DATA EXCERPT:
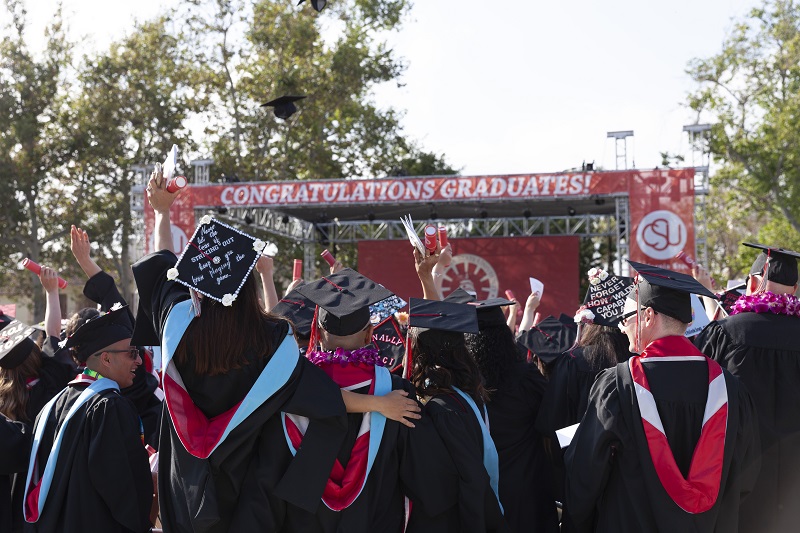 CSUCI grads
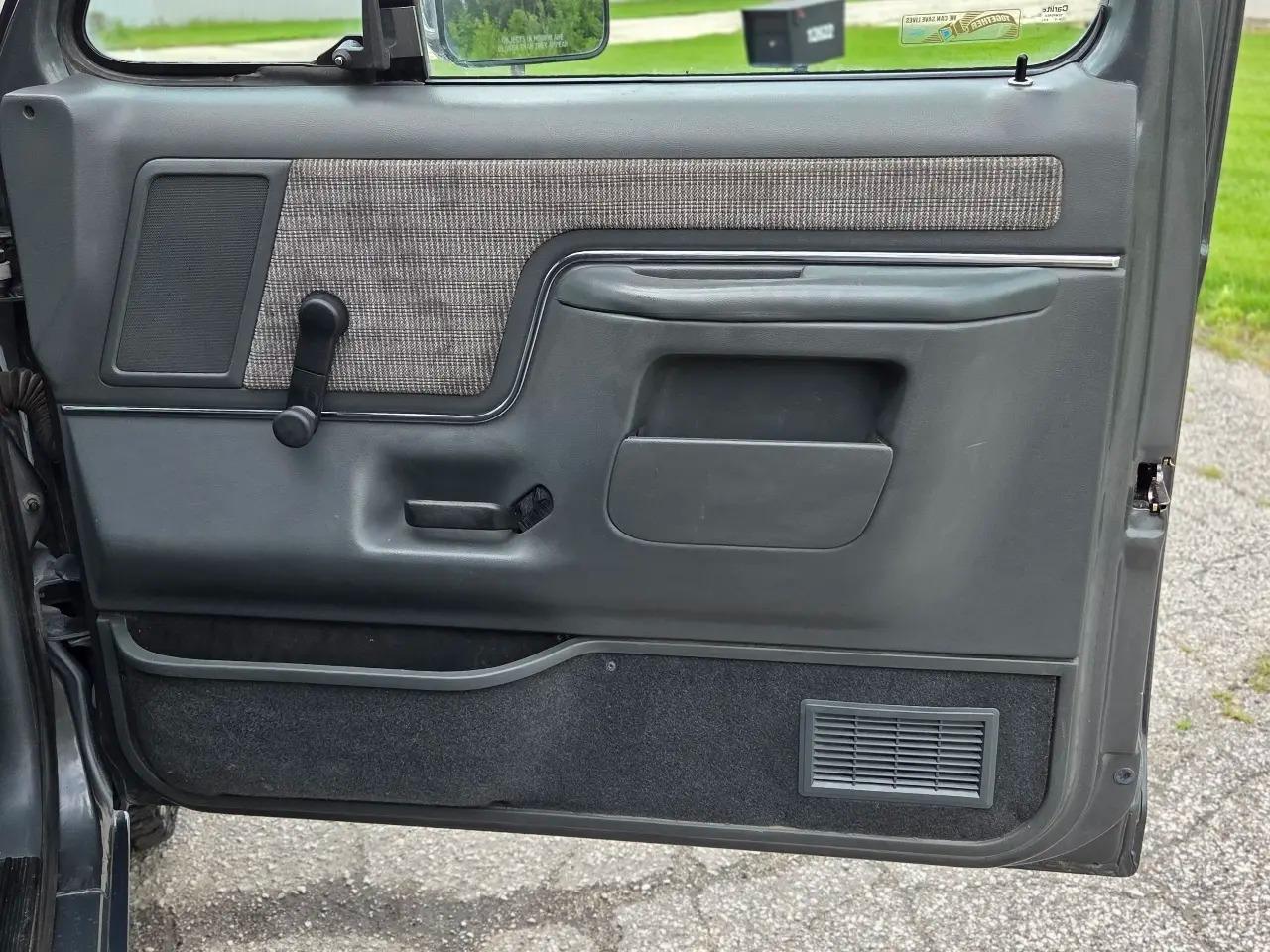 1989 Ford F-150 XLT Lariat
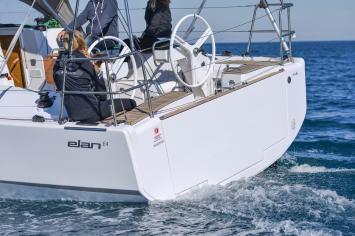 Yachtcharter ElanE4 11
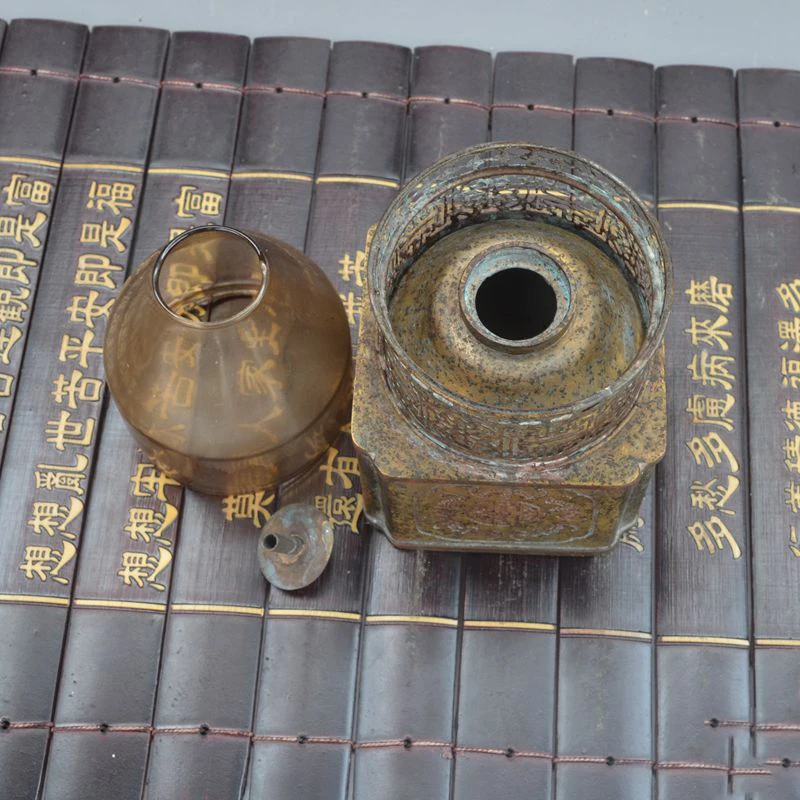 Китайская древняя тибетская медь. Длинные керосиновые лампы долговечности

ACTIVITY: Go through the listing above and write it all out exactly, leaving out any picture.

ANSWER SECTION:
 CSUCI grads
 1989 Ford F-150 XLT Lariat
 Yachtcharter ElanE4 11
 Китайская древняя тибетская медь. Длинные керосиновые лампы долговечности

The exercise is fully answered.